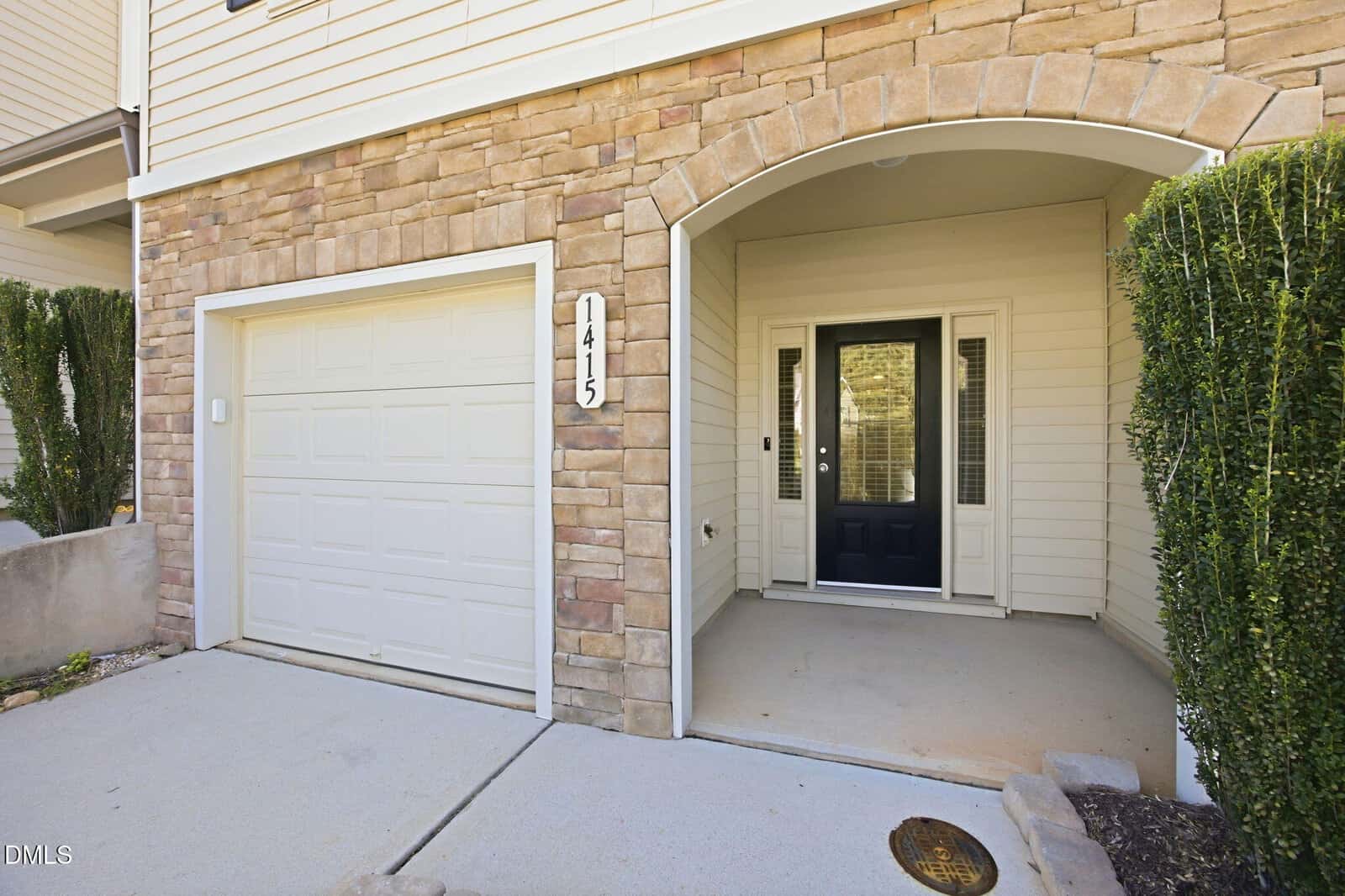 A house exterior with tan stone and siding, a white garage door, the address number 1415, an arched entryway, neatly trimmed shrubs, and a black front door with side windows.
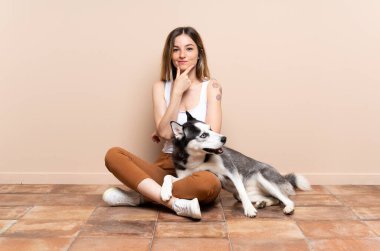 İri köpeğiyle yerde oturan genç ve güzel bir kadın.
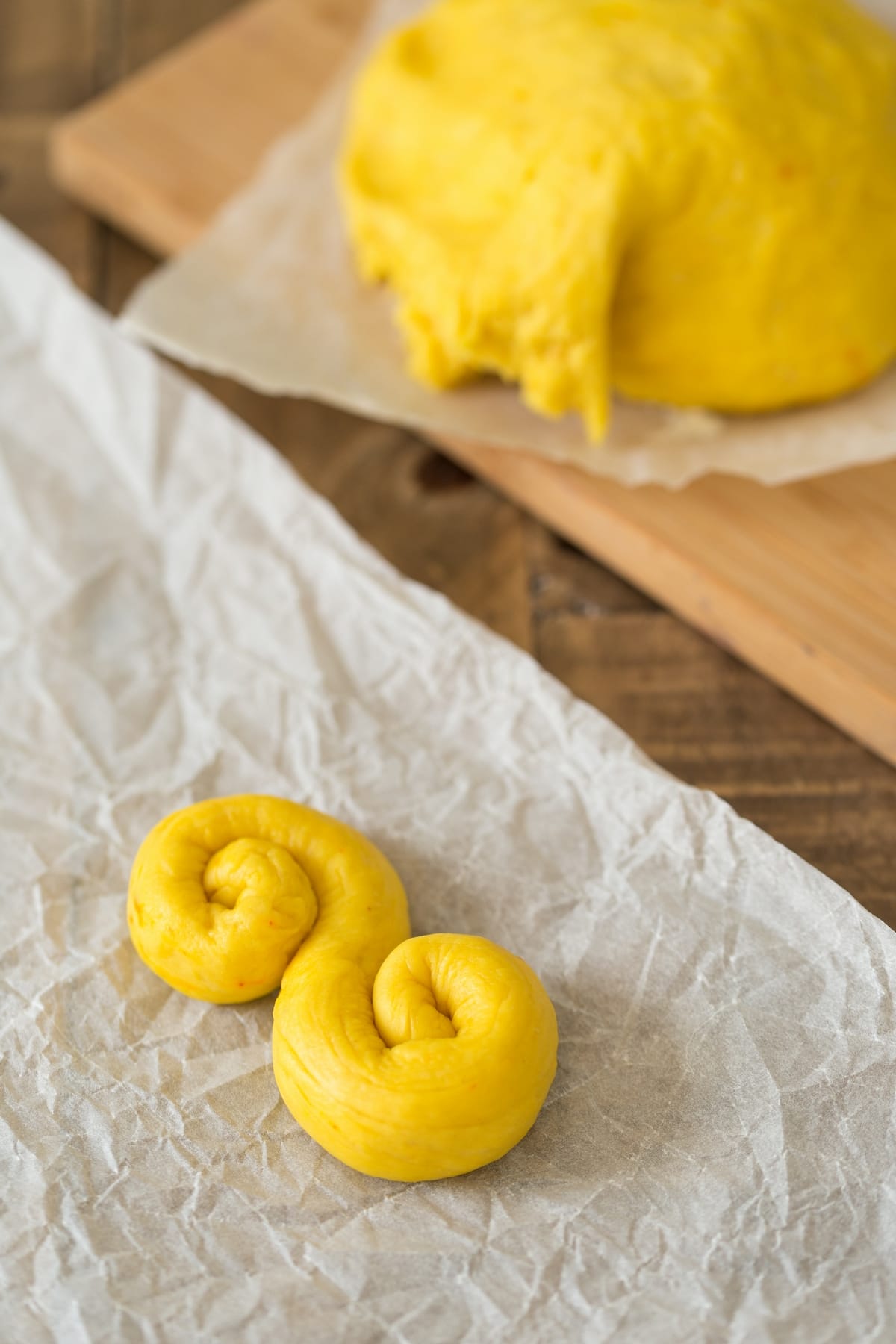 Unbaked saffron bun rolled in an S-shape.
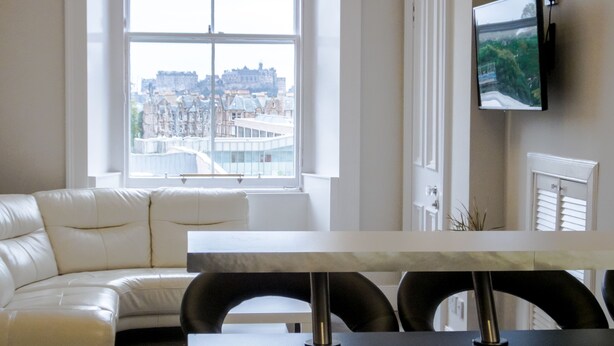 A modern living room with a white sofa, a dining table with chairs, and a large window offering a city view. - Silver Lining - Meadows Apartments (Edinburgh)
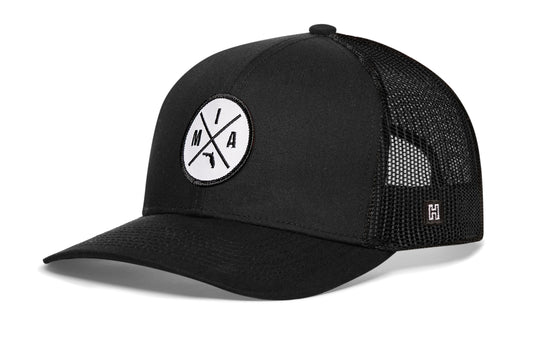 Miami Trucker Hat, black snapback showing Haka brandmark on left side of cap.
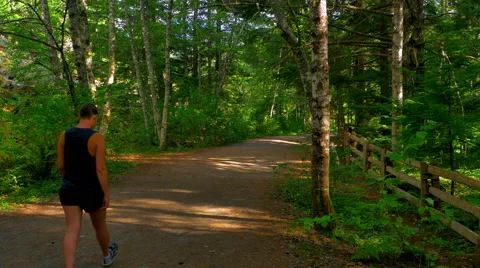 4K Springtime Path, Woman Walking on Country Road, Green Forest Stock Footage 67471816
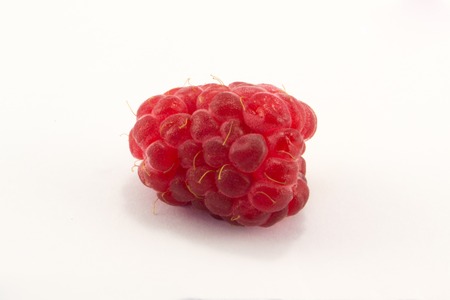 tasty and juicy red raspberries isolated on white background
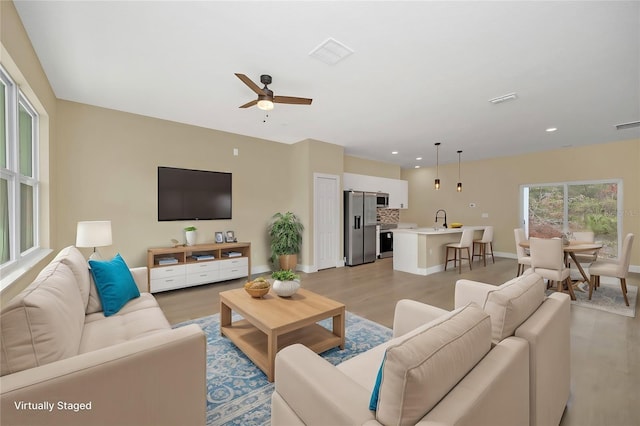 living room with sink, ceiling fan, and light hardwood / wood-style flooring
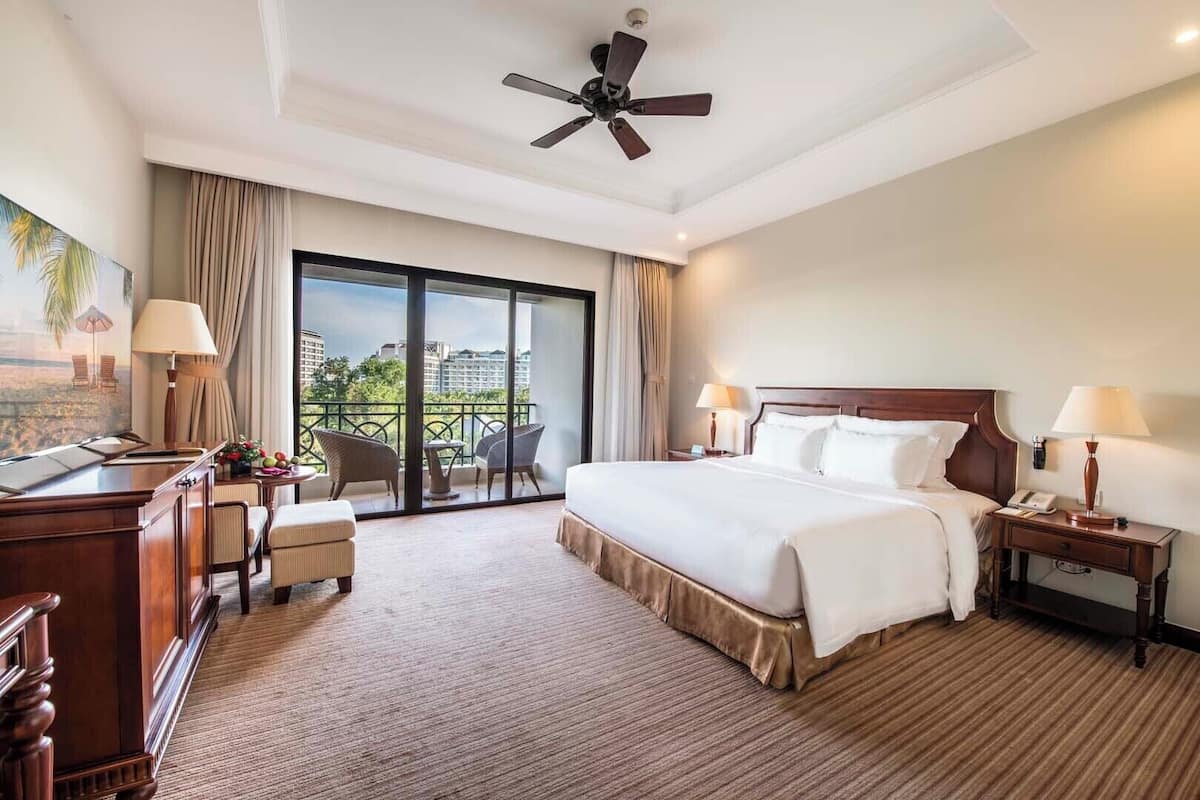 A hotel room with a large bed, a desk, a chair, a balcony with a view, and a ceiling fan.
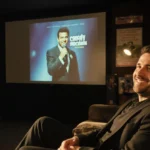 André Ricciardi smiling warmly on worn couch with comedy memorabilia and colonoscopy machine in background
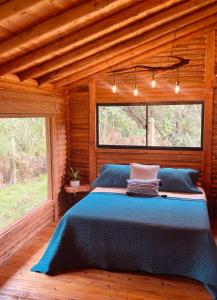 een slaapkamer met een blauw bed in een houten hut bij BRUMA BLANCA CHALETS in Medellín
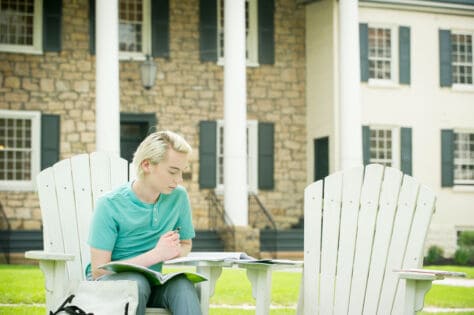 Student reading in Adirondack chairs on campus during the Creosote Affects photo shoot May 1, 2019 at Washington & Jefferson College.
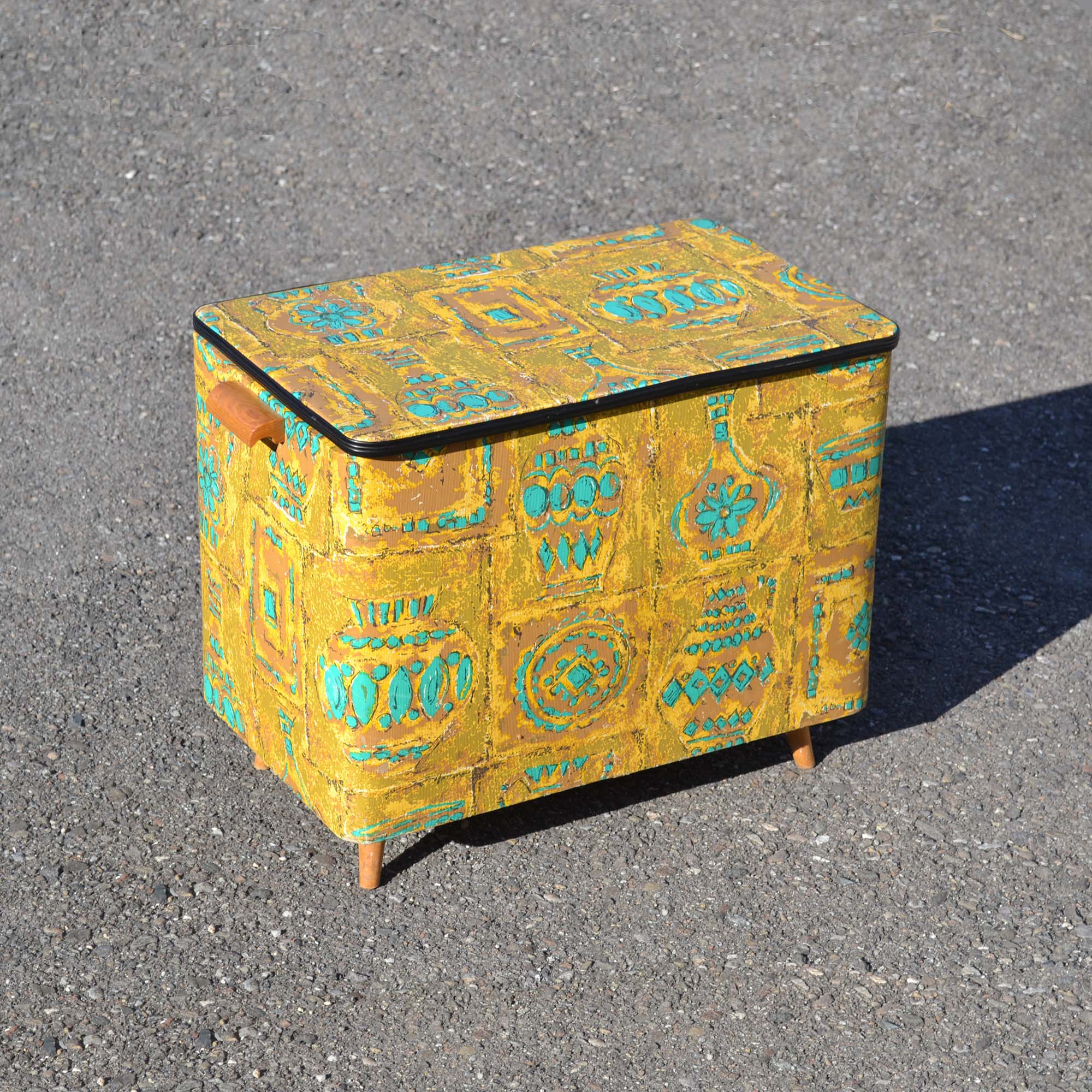 Coffre à jouets des années 1960, avec habillage en vinyle imprimé décor sixties. Avec couvercle pivotant. couleur moutarde et turquoise.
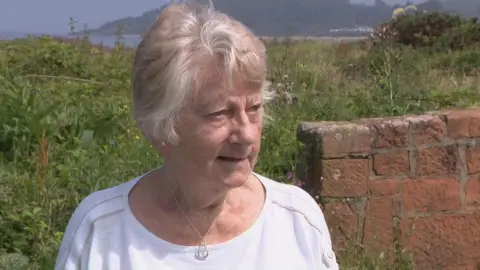 Margaret Barr looking slightly off camera. She has white hair and is wearing a white top.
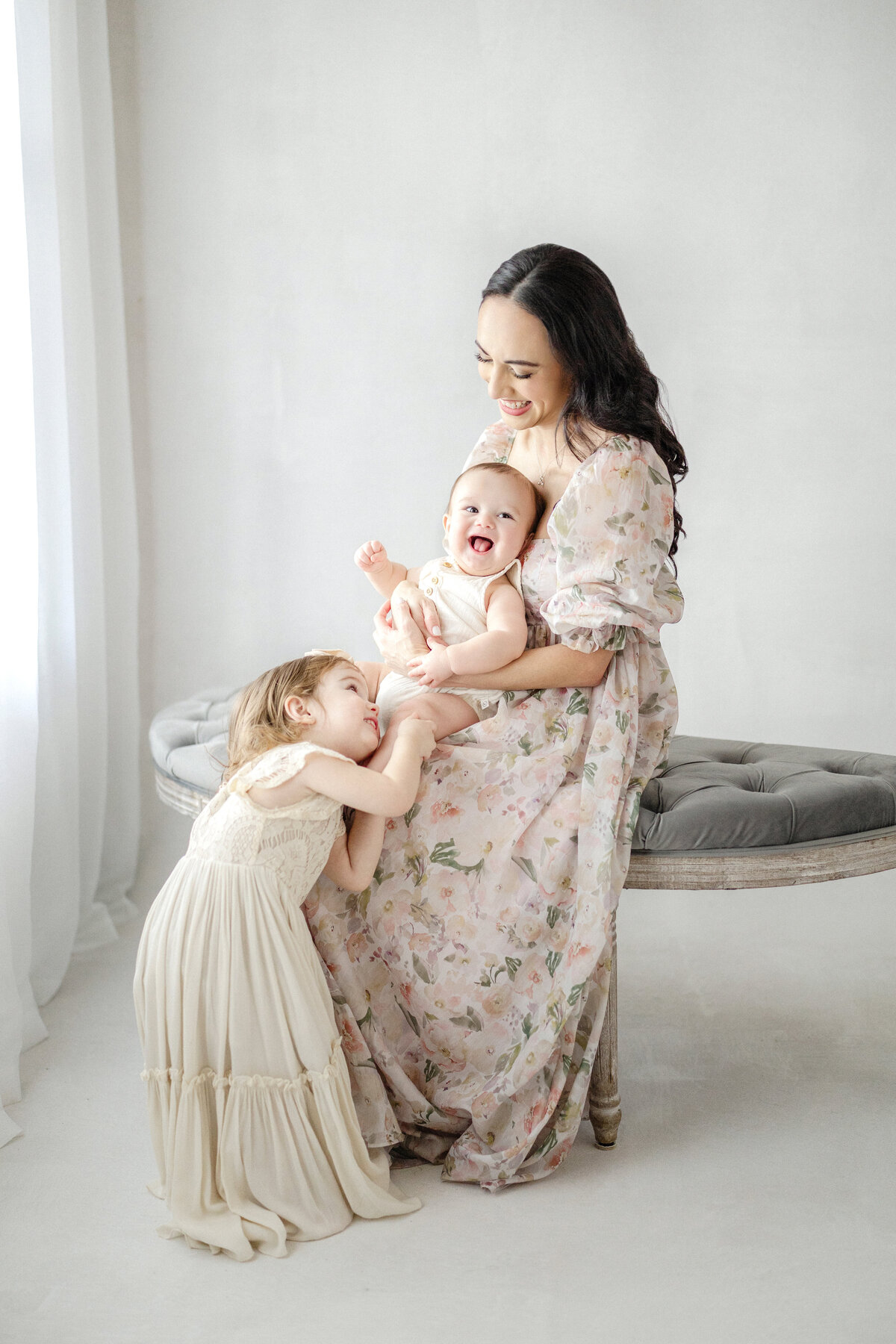 Tampa 6-month milestone portrait of smiling baby boy, big sister and mother in natural light studio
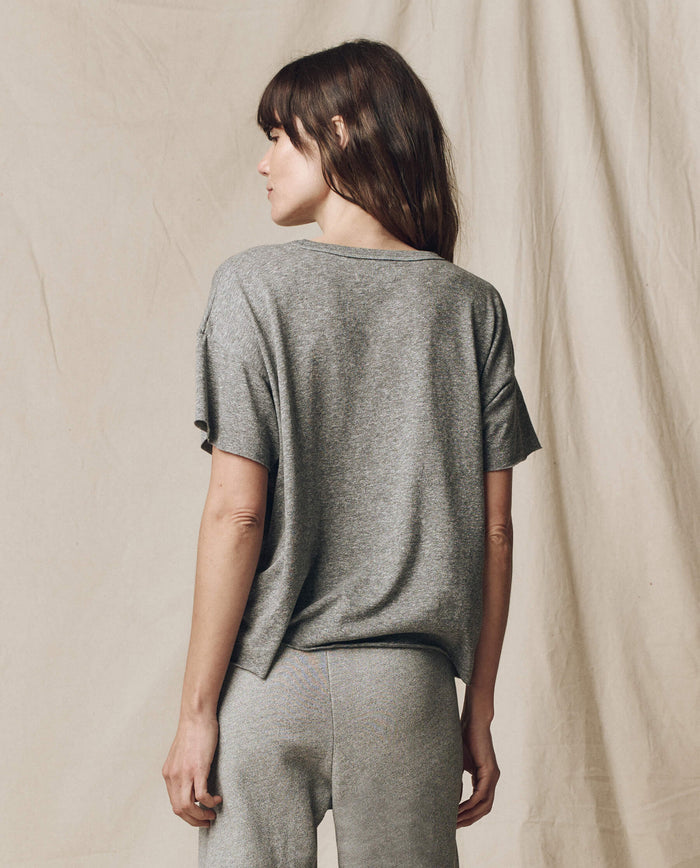 A person with long hair stands sideways, wearing The Crop Tee in Heather Grey by THE GREAT. CORE KNITS, made of super soft cotton, along with pants. The background is plain beige fabric.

* TASK ITEM *
Quote the material word for word, dropping any images it holds.

* SOLUTION *
 A house exterior with tan stone and siding, a white garage door, the address number 1415, an arched entryway, neatly trimmed shrubs, and a black front door with side windows.
 İri köpeğiyle yerde oturan genç ve güzel bir kadın.
 Unbaked saffron bun rolled in an S-shape.
 A modern living room with a white sofa, a dining table with chairs, and a large window offering a city view. - Silver Lining - Meadows Apartments (Edinburgh)
 Miami Trucker Hat, black snapback showing Haka brandmark on left side of cap.
 4K Springtime Path, Woman Walking on Country Road, Green Forest Stock Footage 67471816
 tasty and juicy red raspberries isolated on white background
 living room with sink, ceiling fan, and light hardwood / wood-style flooring
 A hotel room with a large bed, a desk, a chair, a balcony with a view, and a ceiling fan.
 André Ricciardi smiling warmly on worn couch with comedy memorabilia and colonoscopy machine in background
 een slaapkamer met een blauw bed in een houten hut bij BRUMA BLANCA CHALETS in Medellín
 Student reading in Adirondack chairs on campus during the Creosote Affects photo shoot May 1, 2019 at Washington & Jefferson College.
 Coffre à jouets des années 1960, avec habillage en vinyle imprimé décor sixties. Avec couvercle pivotant. couleur moutarde et turquoise.
 Margaret Barr looking slightly off camera. She has white hair and is wearing a white top.
 Tampa 6-month milestone portrait of smiling baby boy, big sister and mother in natural light studio
 A person with long hair stands sideways, wearing The Crop Tee in Heather Grey by THE GREAT. CORE KNITS, made of super soft cotton, along with pants. The background is plain beige fabric.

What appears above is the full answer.